The jewelry of Nashville artist Carrie Nunes
Tucked away in a corner of Carrie Nunes’s home studio is an interesting black and white photograph of a woman whose back is turned to the camera as she paints. Nunes tells me it’s her grandmother and notes how art runs in the family.
For years, Nunes’s mother, Marianne Leach, ran a dance studio in Nashville, TN. In her retirement Leach took photography classes and now takes pictures of dance performances at the Tennessee Performing Arts Center.
It wasn’t a surprise to her family that Nunes would choose to follow a career in art after graduating from Franklin Road Academy. She started at the University of Tennessee studying dance and eventually made her way to the Appalachian Center for Craft where she studied metalsmithing and jewelry making.
In her 20s, Nunes struck out on her own after working with Nashville designer Margaret Ellis. She quickly focused on a love for making jewelry.
As I look around the studio I’m impressed with how many tools she uses. One in particular is a huge rolling mill from Britain bolted to the floor that’s used to work sheets of metals, sometimes stretching it into her own hand-made wire.
Now in her early 40s, Nunes has added a gemology diploma to her tool kit.
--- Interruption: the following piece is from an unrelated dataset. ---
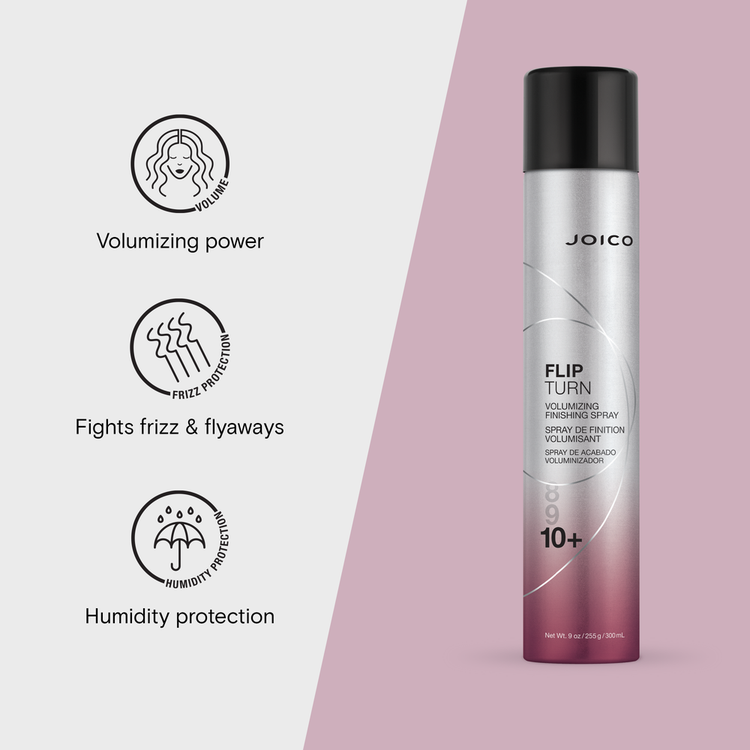 Flip Turn Volumizing Spray voluminizador protección contra el calor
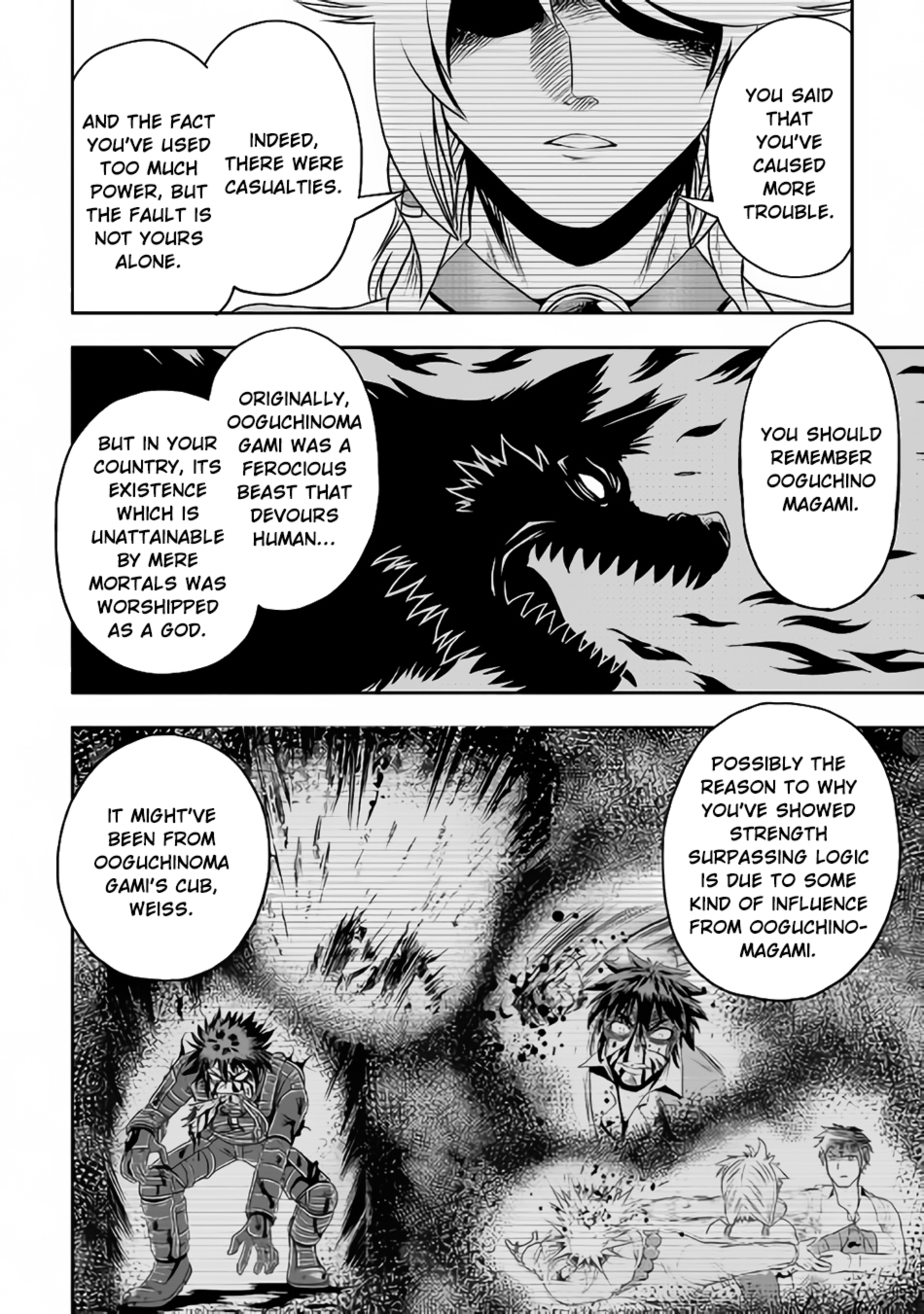 Isekai ni Tobasareta Ossan wa Doko e Iku? chapter 13 page 13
With it comes a whole new world of creations she shows me in her home studio near David Lipscomb.
The work is meticulous and detailed. Nunes uses high powered glasses she flips over her face to make sure every detail of her work is perfect. When she works with gems, Nunes uses a microscope to study the gem’s intricate features before setting them in her work.
Tiny is a theme that comes up often in our conversation. Nunes reminds me both her grandmother, mother and great aunt are all tiny women. Nunes’s husband Ted, who stopped by with lunch for his wife, recounts a time he had to pick up her great aunt’s car from the mall.
“She was driving on a stack of telephone books,” he said lovingly as they both laughed. Nunes points to an impressive hunk of furniture embedded with several tiny drawers. It sits below her soldering station and belonged to her great aunt before she passed away. Nunes shows me how she now uses it to store some of the many tools of her craft.
Nunes says she’s always been fascinated with tiny things. She grew up in what she says was the tiniest room in the house. Being small herself was one reason she says she abandoned dance at UT for metal work. It was access to metal working tools at an institution of higher learning that allowed her love of small things to flourish.
Lately, Nunes has been busy making rings as part of a Flickr project called a “ring a day.” There are now over 5,000 photos submitted by the artists who created them. Nunes is selling her creations to benefit a charity that helps craft artists.
Nunes tells me the ring project has been a lot of work that has also opened many new opportunities for her, and she’s excited about some new techniques she’s discovered and new markets for her work.